Academic background
- Alma mater: University College London Princeton University
- Influences: John Spraos; Albert Rees;

Academic work
- Discipline: Econometrics Labour economics
- Institutions: Stanford University
- Awards: Jacob Mincer Award (2008)
- Website: Information at IDEAS / RePEc;

= John Pencavel =

English economist

John H. Pencavel is a British economist and academic, currently serving as Levin Professor of Economics (Emeritus) at Stanford University, having been at the institution since 1969. He is a Fellow of the Econometric Society (1993), Fellow of University College London (2001), Fellow of the Society of Labor Economists (2004), and Distinguished Fellow of the American Economic Association.

==Career==
Pencavel grew up in Hanwell, West London, attending Drayton Manor Grammar School. He then went on to read Economics at University College London, gaining both a BSc (1965) and MSc (1966), before receiving his PhD from Princeton University in 1969.

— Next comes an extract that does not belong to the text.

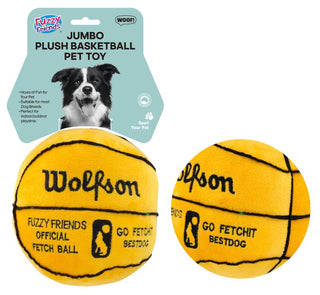 Jumbo Plush Basketball Pet Toy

In 2005, he was made President of the Society of Labor Economists, and in 2014 was made President of the Western Economic Association.

Pencavel's major contributions lie within labour economics, focussing on behavioural models of trade unions, and modelling worker cooperatives. Pencavel is also the creator of the JEL Classification System, used in an amended form by the AEA to this day.

===Awards===
Pencavel was awarded a Guggenheim Fellowship in 1978, and the Jacob Mincer Award for lifetime contributions to labour economics in 2008.